Numbers & Counting Adaptations
By: Carmen Willings
Number sense refers to a students fluidity and flexibility with numbers as well as the concept that numbers mean and an ability to perform mental math and make comparisons to math in the environment. This page describes adaptations for students who are blind or visually impaired.
Developing the concept of number sense for math success and understanding is comparable to phonemic awareness for reading. It is important for older students to continue to work on this skill as well if they have not yet mastered it. To do this, it is important to provide many opportunities for students to explore groups of concrete & real objects and to compare the relative size of groups of things.
Math instruction in the primary grades should be as concrete as possible." ~ Bishop, Virginia. Teaching Visually Impaired Children. Charles C. Thomas. 1996. p.67.
Students should have many opportunities throughout the day to count both small and large groups of objects; match the number of objects to braille or print numbers; and to talk about numbers discussing how many, how much more or less, and how many more are needed. Word problems can be a particular challenge for students.
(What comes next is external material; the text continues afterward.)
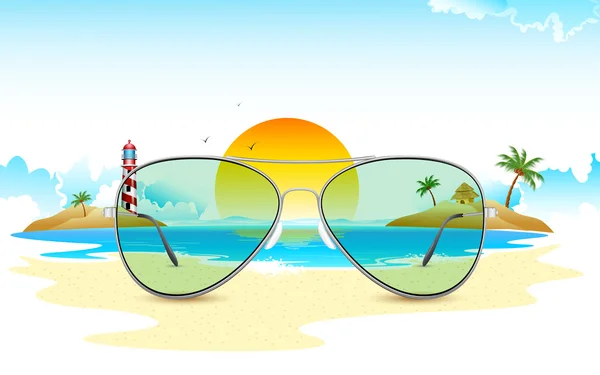 Vista mare attraverso occhiali da sole — Vettoriale Stock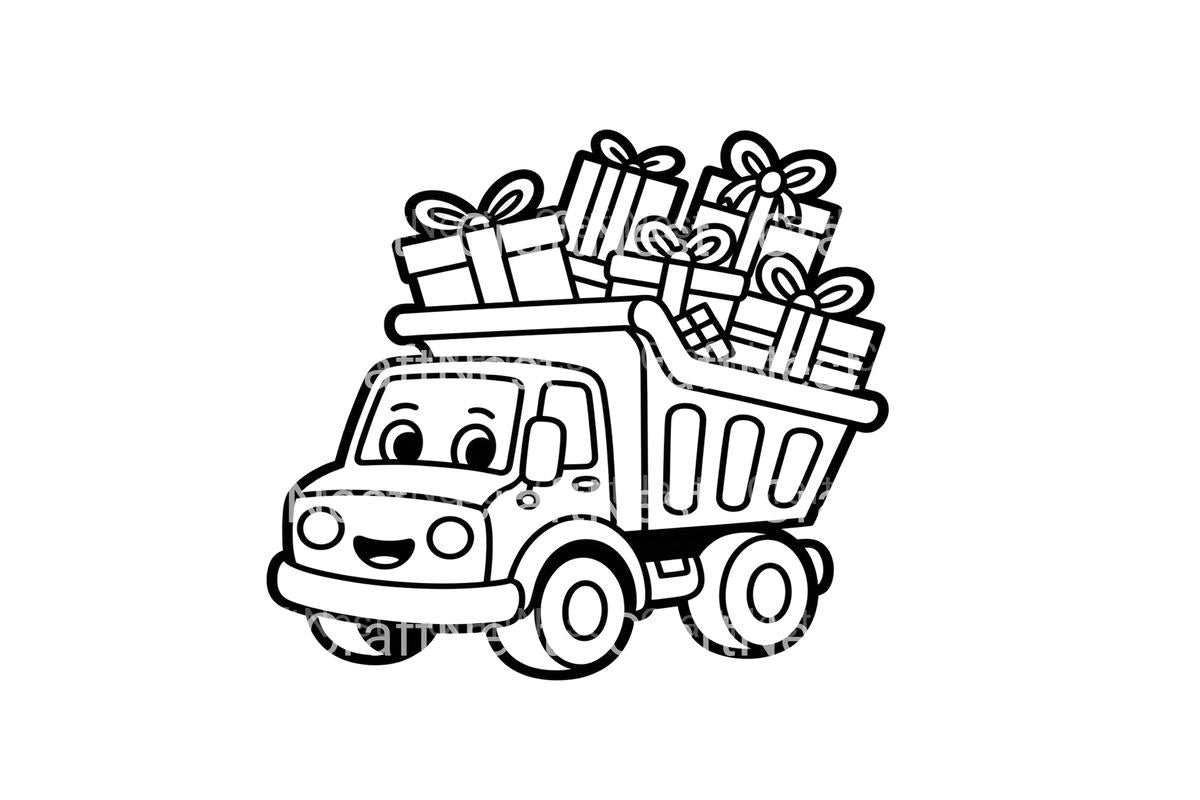Dump Truck Christmas Gifts Coloring Books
Keeping word problems as concrete as possible will help students who have a difficult time with problems completing mental imagery.
As students explore materials related to the unit, talk about similarities and differences in materials. In addition to providing many opportunities to count, encourage students to explore numbers within the environment. Personalized and interactive books can also be created with the student's name, age, birthday, phone numbers, and address to practice number skills specific to the student. Although hands on experiences with real objects is essential, it is also essential for students who are blind or visually impaired to memorize their math facts as it is for their sighted peers.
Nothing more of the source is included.